• **PROBLEM TO WORK ON**
Print every line of the listing below, starting with the line that holds "VIN 1FADP3K25JL273535 2018 FORD FOCUS no.4" and going on through the line that holds "Toyota Land Cruiser FJ 2026-07 8245603-11", both included, and print nothing else.

• **DATASET RECORDS**
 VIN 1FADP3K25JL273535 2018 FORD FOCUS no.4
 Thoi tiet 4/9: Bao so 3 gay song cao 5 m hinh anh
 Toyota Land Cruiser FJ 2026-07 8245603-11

--

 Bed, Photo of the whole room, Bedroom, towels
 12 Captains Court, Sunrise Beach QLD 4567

• **SOLUTION TO THIS PROBLEM**
 VIN 1FADP3K25JL273535 2018 FORD FOCUS no.4
 Thoi tiet 4/9: Bao so 3 gay song cao 5 m hinh anh
 Toyota Land Cruiser FJ 2026-07 8245603-11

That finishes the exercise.